Pic de Thoumasset par la cabane de la Sabine
15/08/2018 : départ au-dessus du barrage de Riéte – chemin à Jojo – cabane de Quioulès – cabane de la Sabine – Pic de Thoumasset (2741m) – étang de Soulanet – vallon du Soulanet – cabane de Quioulès – départ
Si loin au fin fond de l’Aston Ariègeois, le pic de Thoumasset n’est pourtant pas le plus haut dans les environs. Il côtoie des « 2900 » sur la frontière franco-andorrane, mais lui est totalement Français. Pourtant il m’a toujours attiré, par son nom peut-être, par son éloignement sans doute. Malgré un départ à 1600 mètres d’altitude, son accès par le Nord s’apparente à un périple. C’est d’ailleurs la signature de toutes les randonnées dans l’Aston. Et ici, plus qu’ailleurs en Ariège, la solitude est la seule compagne du marcheur. Départ à 7h10 depuis le parking du terminus d’une piste à l’aplomb du barrage de la Riète. Il faut s’engager sur le chemin à Jojo, un sentier judicieusement tracé et bien entretenu, qui domine le torrent du Quioulès. Il prend vite du dénivelé puis redescend au niveau du captage d’eau pour le barrage.

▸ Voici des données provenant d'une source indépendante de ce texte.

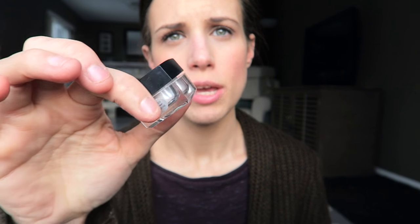I also use this ELF under eye setting powder — it's super cheap, you can get it on Hauler for about three bucks. I shared this in a haul I did. It's got kind of a pink cast to it and has light reflectors that look really nice underneath your eyes.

Première vue de la vallée depuis un belvédère
Au niveau de la conduite forcée, il me prend une idée surprenante, aller récupérer le sentier qui monte depuis le barrage, sur l’autre rive. Je franchis le torrent d’un bon, voilà une heure que je marche [8h10]. Quelle erreur ! C’est un sentier discontinu, dans une végétation dense, parsemée de tourbières bien humides. Je n’avance pas, pire, je m’enlise. Le regard scanne le sol pour chercher le moindre indice de sente, de cairn, de balise. Rien ! Mais cette attention exacerbée va m’offrir un cèpe et une bonne poêlée de lactaires. C’est déjà ça.
Digitale pourpre, si belle, si mortelle
La vallée se divise une première fois en en deux mais il faut laisser sur la gauche ce nouveau vallon, pour garder le cap S/SO jusqu’à la cabane de Quioulès. Je laisse sur la gauche la cabane de Quioulès, occupé par 8 magnifiques mérens. Après la cabane, la vallée principale se divise en une patte d’oie à trois branches. Il s’agit de rester sur la partie la plus à droite en remontant le torrent de la Sabine ; ça c’est la théorie avec la carte, la réalité du terrain est moins évidente. Je m’engage trop rapidement dans la vallée de la Sabine. Là encore, je ne vois pas le sentier, tout comme deux marcheurs devant moi [9h10]. C’est en mode sanglier que l’on évolue dans un sous-bois de résineux. Parfois un cairn, puis plus rien ; un bout de 30 mètres de sentier puis rien à nouveau. C’est usant. Je parviens à la cabane de la Sabine à 10h05, après 2h50. On doit pouvoir faire bien mieux avec un vrai sentier. Pause obligatoire avant d’affronter la suite.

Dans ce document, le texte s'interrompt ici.